Home chefs: The 5 best home recipe books of 2016

No sous-vide cooking baths needed here!

5. Lean in 15 – Joe Wicks

Lean in 15
Lean in 15 – Joe Wicks

Although this is not just a cooking book, it’s more of a lifestyle guide with exercises, and plans to help you shift weight, this deserves to be in the top 5. You can’t ignore the success this book and Joe Wicks has had this year. The former personal trainer turned lifestyle coach is a global success, starting by publishing 15 second recipe videos on his Instagram account he has know amassed an army of cult followers. At the time of writing his Instagram feed @thebodycoach has 1.5m followers.

The great thing about this book is the recipes are broken into 2 sections. Low-carb and carbs. Based around your exercise regime you fuel up your body with the right amount of carbs for exercise, or minimize carbs when you’re not. Just one look at his Instagram feed and the before and after photos sent in by his army of followers and you can see what all the fuss is about. Diets don’t work, lifestyle changes do. This particular lifestyle change really works!

The recipes are easy, taste great and even if you don’t plan to follow the regime to the hilt, incorporating some of the ideas from this book into your lifestyle will have a positive benefit on your waistline.

 

4. The nordic kitchen – Claus Meyer

The nordic kitchen
The nordic kitchen

New Nordic cuisine is a hot area in recent times.  With a focus on local, fresh and seasonal ingredients this style of cooking at the high end is refined, but as with all cuisines still has a more simplistic home style.

The popularity could also be in relation to the ongoing upward trend of health conscious meals too. Something the Scandinavians have in abundance.   Leading the charge of New Nordic food is Noma in Copenhagen, voted the worlds best restaurant in 2014.  Co-founder and chef Claus Meyer has had huge success with the highly refined dishes created there, but in this book he is sharing recipes he uses everyday at home with his family.

In keeping with the principles of New Nordic cuisine the book has a heavy focus on seasonal ingredients, splitting into 4 chapters for each season and giving advice on harvesting your own wild produce.  This inspired me to go out and collect wild garlic for the first time this year, which was incredible, and I will continue to find other wild ingredients as my knowledge and confidence to do so grows.
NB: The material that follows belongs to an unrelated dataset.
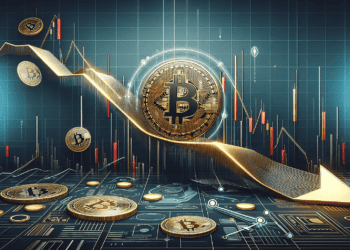 "Bitcoin Crash Alert: Experts Forecast Major Drop to $50K"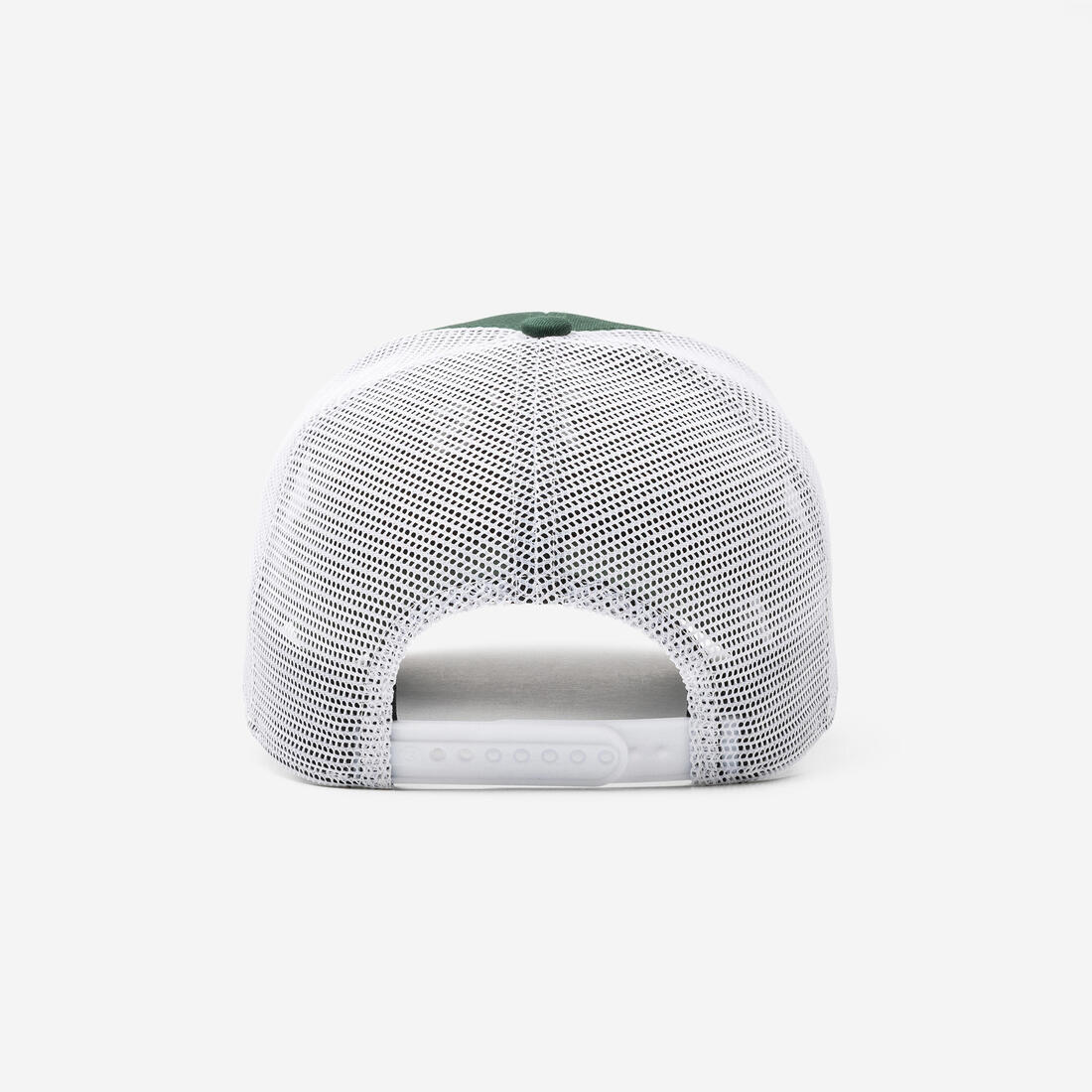 Casquette baseball avec fermeture à pression - Los Angeles Dodgers bleu et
The recipes are for the most part easy to make, although some less confident home chefs may struggle with one or two.  I also found that some of the ingredients I had to replace with similar options available to us in the UK, but I don’t feel it negatively affected the dishes.

 

3. Marcus at home – Marcus Wareing

Marcus at home
Marcus at home

Marcus Wareing became one of the youngest ever recipients of a Michelin star at the grand old age of 26. Since then he has gone on to have outstanding success at his three restaurants in London, Marcus at The Berkeley, The Gilbert Scott and Tredwell’s. He is also known as the main judge on Masterchef: The Professional’ since 2014 and as a regular judge on The Great British Menu.

In Marcus at home, he shows you how to cook some of his favourite dishes made away from the professional kitchens.
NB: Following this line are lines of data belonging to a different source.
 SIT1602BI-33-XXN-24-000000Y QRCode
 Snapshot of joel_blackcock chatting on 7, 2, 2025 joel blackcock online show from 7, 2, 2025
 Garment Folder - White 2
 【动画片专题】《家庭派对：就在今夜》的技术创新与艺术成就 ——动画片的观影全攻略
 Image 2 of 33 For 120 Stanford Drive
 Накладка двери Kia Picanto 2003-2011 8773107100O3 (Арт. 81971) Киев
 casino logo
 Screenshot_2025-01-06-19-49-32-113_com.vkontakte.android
The book is split into helpful chapters such as “Midweek”, “Weekend”, “Entertaining” or “Baking” and combines interesting new recipes such as Eggs and Avocado with Chorizo Jam or Buttermilk Pannacotta with Thyme Crumble, to Marcus’ takes on classics such as Roast Dinner and Chocolate Cake.

I found the instructions in the recipes easy to follow and the Smoked Paprika butter will be one I keep making again and again!

 

2. Samarkand: Recipes and stories from Central Asia and the Caucasus – Caroline Eden & Eleanor Ford

This is a book to delight food lovers, travel hounds and history buffs alike. – The Telegraph

Samarkand: Recipes and stories from Central Asia and the Caucasus
Samarkand: Recipes and stories from Central Asia and the Caucasus

Samarkand is part travel book part recipe book.  The majority are recipes however with over 100 inspired by the authors travels.  What I found enjoyable about the book was getting lost in the travel stories and discovering the food ideas the authors found there.  It’s an enjoyable read and a classic coffee table book that friends will love to flick through.

The reason I have put this book so high is because the book covers cuisines in regions that aren’t regularly covered, and there are a lot of new ideas in this book to me.

Cuisines from regions including Russia, Korean, Turkey, Uzbekistan, Tajikistan are introduced and adapted to be used by a home cook. Highlights include…

  • Apricot and lentil soup
  • Chapli kebabs with tomato relish
  • Kefir pancakes with blackberry syrup
  • …and my personal favourite  Chicken shashlik with onions and pomegranate.

 

SIMPLE; effortless food, big flavour
SIMPLE; effortless food, big flavour

1.  SIMPLE: effortless food, big flavour – Diana Henry

‘This is everything I want from a cookbook: inspiration, intelligent company, great good-mood food, and beautiful writing.’
Nigella Lawson

Of all the books this year this is my favourite.  If you’ve never owned a Diana Henry cookbook then you really are missing out.  I didn’t realise this myself until discovering SIMPLE; effortless food, big flavour. Highlights include…

  • Cider rarebit
  • Toast with crab and coriander-chilli mayo
  • Melon, blueberry and feta salad with ginger and mint
  • Huevos rotos (Spanish smoked eggs)
  • Salmon tartar and avocado on rye bread and many more…

The ideas in this book are inspirational, Diana’s passion really shines through and most of the ingredients are readily available in your kitchen cupboard and at the local supermarket.  Real food, for everyday life made special.